I bisected the issue to commit f9dac92ba908 (virtio_ring: enable premapped mode regardless of use_dma_api). It appears to be the same issue as discussed in the first thread: https://lore.kernel.org/all/8b20cc28-45a9-4643-8e87-ba164a540c0a@oracle.com/ f9dac92ba9081062a6477ee015bd3b8c5914efc4: BAD 6e62702feb6d474e969b52f0379de93e9729e457: OK However, reverting f9dac92ba908 on v6.11-rc2 did not boot up.

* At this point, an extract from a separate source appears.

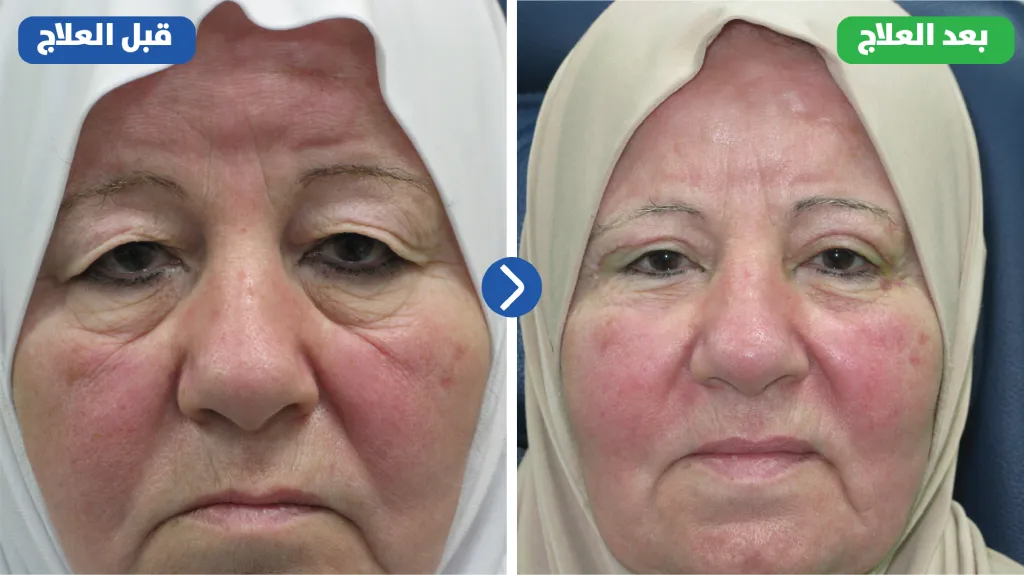 نتيجة عملية شد الجفن العلوي قبل وبعد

(In reply to Takero Funaki from comment #4) > I bisected the issue Great! > However, reverting f9dac92ba908 on v6.11-rc2 did not boot up. Then you likely need to apply two more reverts, e.g. everything from this thread: https://lore.kernel.org/all/7774ac707743ad8ce3afeacbd4bee63ac96dd927.1723617902.git.mst@redhat.com/ Can I CC you in a reply to https://lore.kernel.org/all/m2r0aqrsq6.fsf@oracle.com/ once you tried that and posted the results here? This would expose your name and email address to the public.

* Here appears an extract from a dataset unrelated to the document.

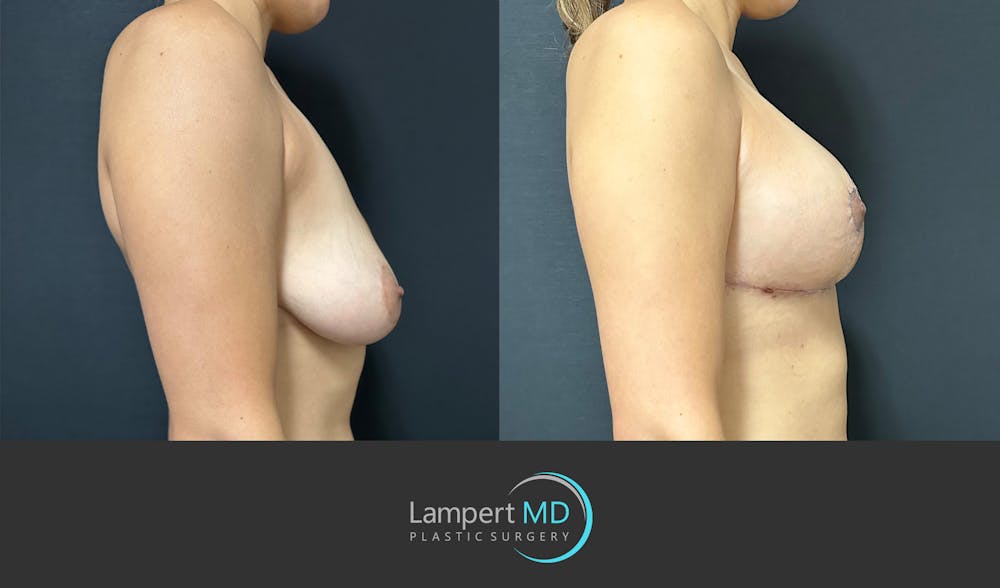 Breast Explant Before & After Gallery - Patient 184652162 - Image 5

Thanks for the suggestion. I couldn’t initially determine which commits needed to be reverted. I tested applying all three reverts from the thread on v6.11-rc3 (with some modifications to resolve conflicts) and confirmed that the issue no longer reproduces. So far, I’ve only tested this on one VM, but I plan to check it in other environments as well. I will attach the modified patches I applied on tag:v6.11-rc3. In my case, receiving data with Debian default setting net.core.high_order_alloc_disable=0, combined with memory and I/O load, triggered the crash. I hope this information is helpful for further investigation. For the mailing list, please feel free to CC me: Cc: Takero Funaki <flintglass@gmail.com> Thanks.

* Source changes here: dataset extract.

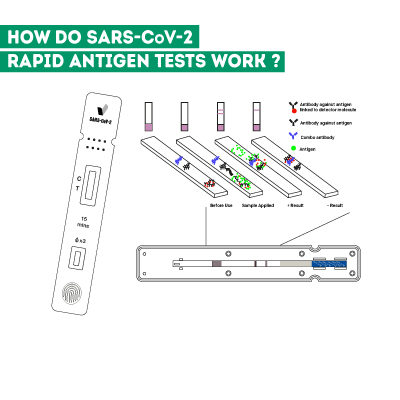 How Does the SARS-CoV-2 Rapid Antigen Test Kit Work?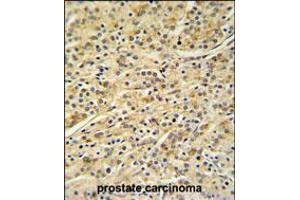 HOXA3 Antibody IHC analysis in formalin fixed and paraffin embedded prostate carcinoma followed by peroxidase conjugation of the secondary antibody and DAB staining. (HOXA3 Antikörper  (C-Term))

Created attachment 306744 [details] patch for v6.11-rc3
Created attachment 306745 [details] patch for v6.11-rc3
Created attachment 306746 [details] patch for v6.11-rc3
Created attachment 306747 [details] patch1 for v6.11-rc3
Thanks to everyone involved, Xuan's reverting commits have been merged and released in the v6.11 kernel. Although Xuan's proposed fix to reimplement the disabled feature is still in progress, I am closing this issue as the visible problem has been resolved.